Just before the vote came down, the National Shooting Sports Foundation reported Americans own more than 24.4 million AR-15s and AK-47s. It also released a detailed breakdown from year to year that shows when sales of those rifles tend to spike. The vote, symbolic as it might be, is sure to have a nontrivial impact on how many AR-15s there are in the United States. It’s just that the number is going to go up instead of down.

Looking back to just before the ’94 ban was implemented, ARs and similar rifles were not nearly as popular as they are today. Only about 100,000 were sold in 1992. But that number had more than doubled by 1994, when the ban went into effect.

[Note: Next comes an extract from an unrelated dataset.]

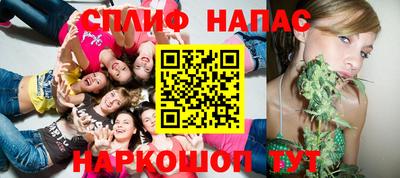 шишки Будённовск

The ban did decrease sales for a while, cutting the total to about 70,000 in 1996. However, the focus on mostly cosmetic features meant the ban didn’t affect all ARs, and by the time it expired in 2004, sales had more than tripled from the years before the ban was implemented.

After the expiration of the ’94 ban, sales increased substantially over time. But clear spikes can be seen in the yearly data around elections and after major mass shootings, likely because those were the years when the possibility of a new ban was most acute.

So, expect a run-on AR-15s for those who can afford them. Who the hell am I kidding? Americans would whip out their credit card if it meant the government was coming for their guns. Still, have no fear—this new bill doesn’t have the votes in the Senate.